First job out of college was at JP Morgan treasury division. Was surprised when working on SWIFT system I had read so much about, it was literally just a fax to TIFF system. Basically just an image viewer.

At the time, 10 years ago, we didn't even have ability to parse or OCR the images. I was really disappointed in how low tech this was, and how easy it would have been to make it better.

Perhaps I only saw a piece of it, and it did have more going on. But I always thought "what's preventing someone from faxing in a false trade?" We would execute any trade that got faxed in if the letter head and account numbers looked normal.


Worked at a bank. Usually stayed late/came early/irregular hours. Therefore had access code to the key safe, for confirming everyone put their keys in the key safe.

But this was for front office and back office. Access to all keys. Small team, 10 people.

That's important.

Knew how much we had in the petty cash bank account. Usually around USD 40MM. Liquidity usage, etc. Also had access to the cheque book (via key locked cabinet), where via sealed internal mail, cash payment requests (cheque) were sent to the banking department.
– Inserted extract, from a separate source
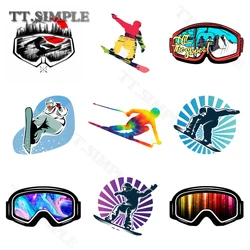 TT For Snowboard Mask Campervan Car Stickers Anime Car Accessoires Decal PVC Funny Vinyl Motorcycle RV JDM Sticker Decorative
Speaking to a friend in the banking department, he remarked that whitelists of authorised payment receivers where being introduced. Being introduced? "Sure, if a payment request comes in, and it is authorised correctly (signature, in case of cheques), we send it ASAP." "Do you telephone the signer to verify? No." "Any transaction limits?" "No." This was 2005.

Could have walked away with USD 40MM - then fled rapidly to another country. But didn't. Well, did go to another country.

2 factor authentication is essential, and whitelists too - a central bank doesn't change their account number. The FED seems to have had neither.


I find ZH amusing.. In some ways I think it's the anti hackers news.. Hyper negative about the future.. Constant hate for new tech.. (Fear of skynet).. The system is always rigged and the little guy will never succeed... Posts by Right coast angry ex-traders.. The comments are inane...the cherry picked stories out of left field but plausible. Etc. The one place the two sites do often intersect is the fear and loathing of government surveillance.. I vote to give ZH stories a fair shake...


I read it every day. If only to contextualize the other news sources I read. FWIW I throw in some infowars when something big happens so I can see how certain segments will try to spin something.


I tried corroborating the claim that the hackers were Chinese. Couldn't find a reliable source. Anyone have anything? For future reference, Zero Hedge is a low-quality source.


It's a penalized site on HN, but this article was vouched for by established users. If there's a more substantive article for this particular story, we can change the URL, but so far the only other one we saw was merely about a spelling mistake. Occasionally the low-quality source has the higher-quality article.



The zerohedge article has more information than either of those articles. It uses those two as sources, plus some Philippine newspapers. Right now it gives a fairly effective summary of the situation. Switching to either of those would be a downgrade, in my opinion.


The zerohedge article is misleading (e.g. "And yes, it does appear that hackers managed to bypass the Fed's firewall") and lacks any semblance of objectivity.


Agence France-Presse/SCMP: Suspected Chinese hackers stole the money from Bangladesh’s foreign exchange account on February 5, according to a Dhaka central bank official and media reports.

http://www.scmp.com/news/asia/south-asia/article/1922556/ban...

VICE: "The Fed had the responsibility to keep the money safe," Shamim Ahamad, press minister at the Bangladesh Embassy in Washington, told VICE News. "We are suspecting that Chinese hackers have done it."

https://news.vice.com/article/bangladeshs-central-bank-accus...


The Chinese hackers thing seems dubious. From another article:

"""

Security experts said that to pull off the attack, cyber criminals had to first gather information about Bangladesh Bank's procedures for ordering transfers, so that the fraudulent requests would not raise red flags.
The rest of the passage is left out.